Friday, May 14, 2010

Tomb of Ezekiel undamaged after all

THE TOMB OF EZEKIEL (traditional) in Kifl, Iraq, is reportedly undamaged after all:
Ezekiel unscathed!

By JONAH MANDEL (Jerusalem Post)
14/05/2010 06:27

Anglican vicar confirms tomb won’t become mosque.

“Hello Sheila, I’m in Ezekiel’s Tomb, how are you doing?” Canon Andrew White, the vicar of St. George’s Anglican Church in Baghdad, said over the phone. “Everything here is intact, glorious and beautiful.”

The short exchange this week between White and his longtime friend Sheila Regev, stuck in traffic in her hometown of Jerusalem when she received the call, brought an end to months of concern over the fate of the tomb, following reports in Iraqi media outlets that Iraq’s Antiquities and Heritage Authority planned to build a mosque there.

The tomb is located in Al-Kifl, a small town south of Baghdad. As part of the renovations, according to the rumors set off by the report, ancient Hebrew inscriptions and ornaments were being removed.

“I went to make sure that the rumors were not true, and they weren’t,” White told The Jerusalem Post on Thursday.

Regev had recently written to White, with whom she has been in close contact since he was in Israel in 2000, to express her concern over the condition of the holy site. White said he doubted that the local mullahs, the ruling Shi’ite religious authorities, would indeed allow such a desecration, but told Regev he’d personally check things out.

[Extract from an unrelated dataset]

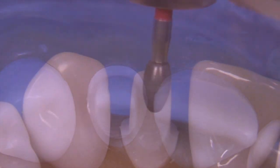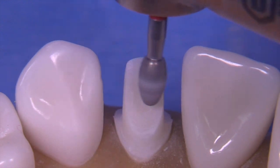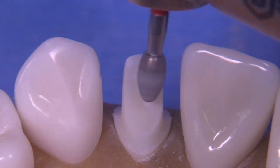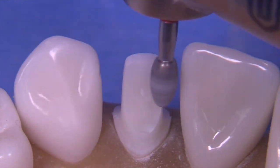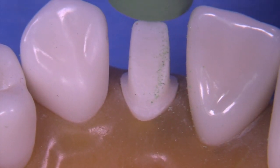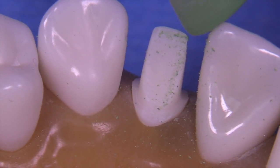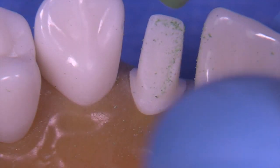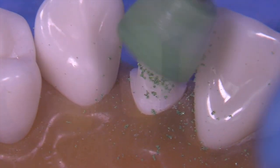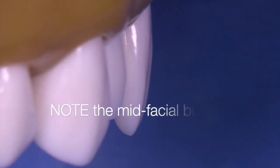I think it's coming along pretty well. Now we can utilize the fine diamond egg-shape or football-shaped bur to smooth off the lingual and get just a little bit more reduction — probably another tenth of a millimeter or so. Then some kind of a composite polishing cup or disc would be really helpful. I use these in clinical practice all the time while preparing natural teeth; it creates a beautifully smooth finish.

The three-hour journey from Baghdad, where White resides, to the Al-Kifl site is considered highly dangerous and necessitated an escort of 30 security personnel. But for White, who also tends to the needs of the eight-member Jewish community of Iraq, “my No. 1 priority in Iraq is maintaining Jewish sites.”

At Ezekiel’s Tomb, White met with the local mullahs, who ensured him that they wanted to maintain the Jewish holy site in its current form while enabling Christians and Muslims, who also consider Ezekiel one of their prophets, to visit the site. White’s photographs of the tomb, which he sent to Regev, show remnants of whitewash at the bottom of some of the Hebrew inscriptions, most likely left over from Saddam Hussein’s era, and minor damage caused by the efforts to clean the dirt that had accumulated over the years.

The earlier report was that the Hebrew inscriptions in the tomb had already been plastered over and the tomb was slated to be turned into a mosque. I could find no denials of the plastering in earlier reports. In fact, the response from Iraq was that the inscriptions were accidentally erased by untrained workers during renovations. The "remnants of whitewash" below some of the inscriptions may suggest that the botched renovations were undone once the international protests (noted also here and here) started. In any case, the new report, assuming it is accurate, is very good news indeed. It appear that the tomb is undamaged and that it is safe for now from alteration. Kudos in particular to Prof. Shmuel Moreh and to Ayatollah Shaykh Ayad al-Rikabi for speaking out on the situation and making it into a national and international issue.